Coming up as Nurmagomedov’s understudy feels like a position that could carry heaps of pressure, especially in such a talent-rich division and in the wake of someone who ran roughshod over an elite collection of opponents.
But Makhachev has always embraced the positives of the role, like the ability to learn from Nurmagomedov, to be a part of major fight camps and work with topflight coaches and training partners and be surrounded by mentors that will not only show you the road to success, but champion your efforts and serve as your personal hype men as well.
“There is not too much pressure,” the streaking lightweight said of following in Nurmagomedov’s footsteps. “Now a lot of people talk about, ‘You’re going to be the next champion,’ so I just have to train hard; that’s it.”

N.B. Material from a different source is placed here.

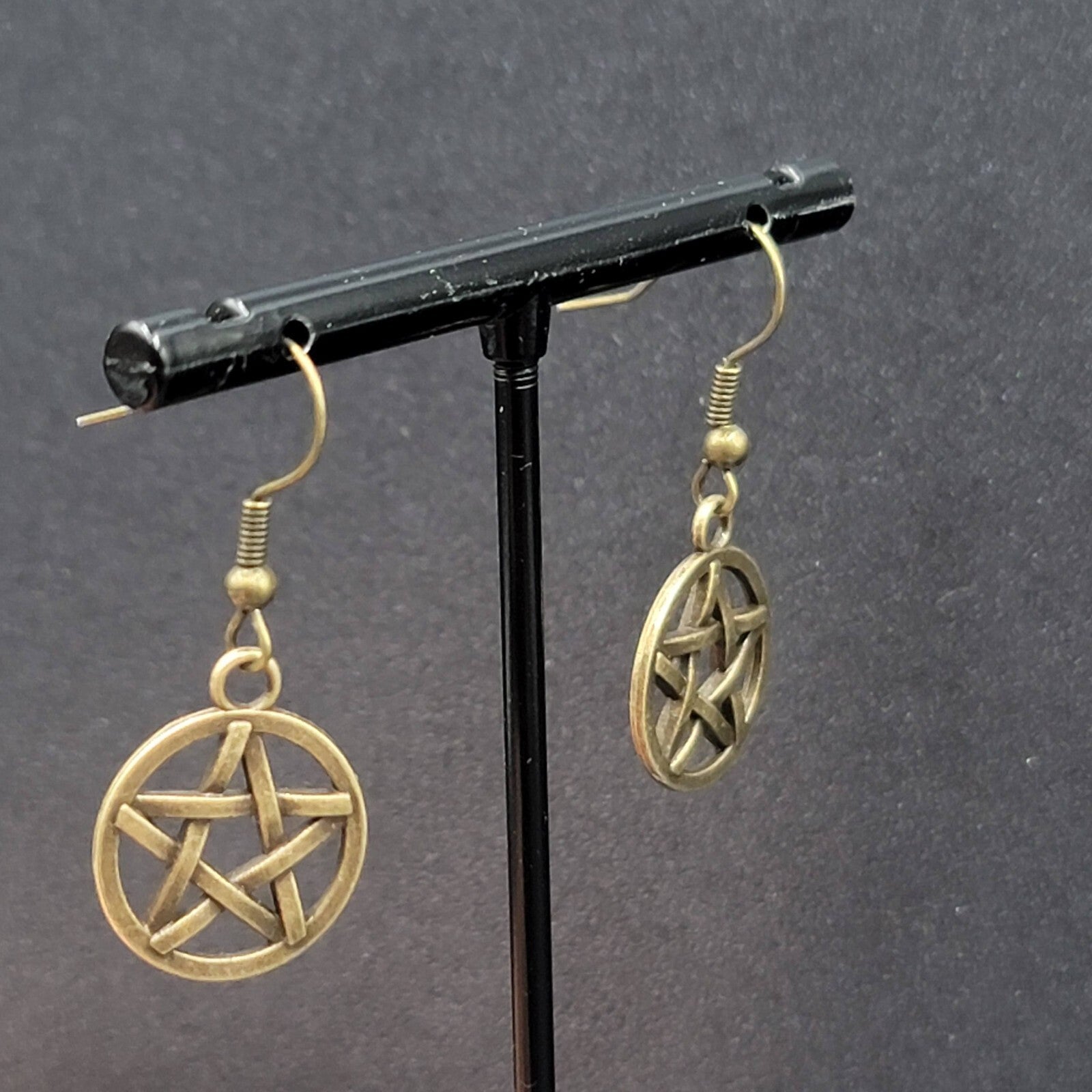 Pierced Earrings Bronze tone Round Pentacle Pentagram Dangle 3/4"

The journey to claiming the throne his friend, teammate, and coach abdicated last year has been a frustrating one at times, as his standing as a high-risk opponent has often left Makhachev struggling to land a fight that will help move him forward in the lightweight division.

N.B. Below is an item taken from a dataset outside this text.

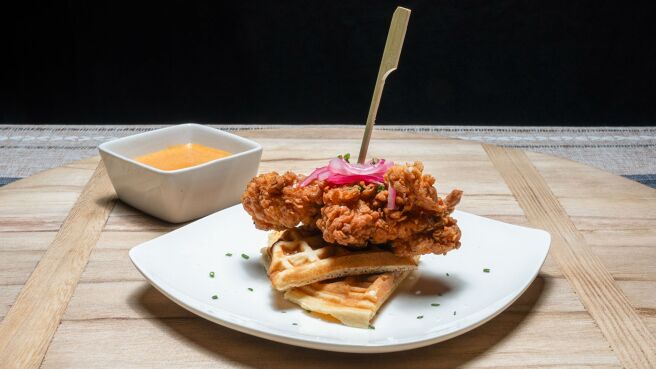 Family Recipe Showdown season 1 episode 8 on Discovery Plus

But he wants to fight, whether it’s an opponent ranked first, tenth, or twentieth.
“I don’t want to wait for some top guys. I want to keep going, keep training, keep fighting, and one day I know I’m going to be champion.”
And he’s hopeful that another dominant showing on Saturday can expedite the process a little more.

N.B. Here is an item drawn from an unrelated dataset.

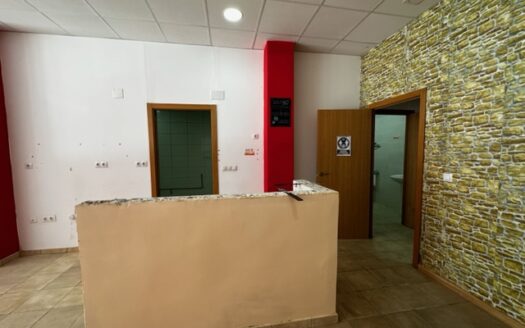 Local 048 Venta localizado a 1 minuto andando de Renfe y del Corte Ingles.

“He’s tough — I know, I saw his fights,” Makhachev said of Moises, who enters on a three-fight winning streak and is stationed at No. 14 in the lightweight rankings. “He has good striking, good jiu jitsu, good conditioning, but I am better than him everywhere.
“I have to finish this guy because I have to show my skills,” he added, his quiet voice picking up in tempo and conviction. “I have to show people that I am on a different level. I have to finish him in the first or second round.”
No one has been able to finish the Brazilian as of yet, with each of his four career setbacks coming on the scorecards, including UFC losses to top contender Beneil Dariush and divisional dark horse Damir Ismagulov, who returned from a two-year hiatus to push his record to 20-1 earlier in the spring.
Becoming the first to get Moises out of there inside the distance is a tall order, but one Makhachev is game to attempt to tackle, and if he’s successful, there is only one thing he wants next.
“I hope it’s finally going to be somebody from the Top 10.”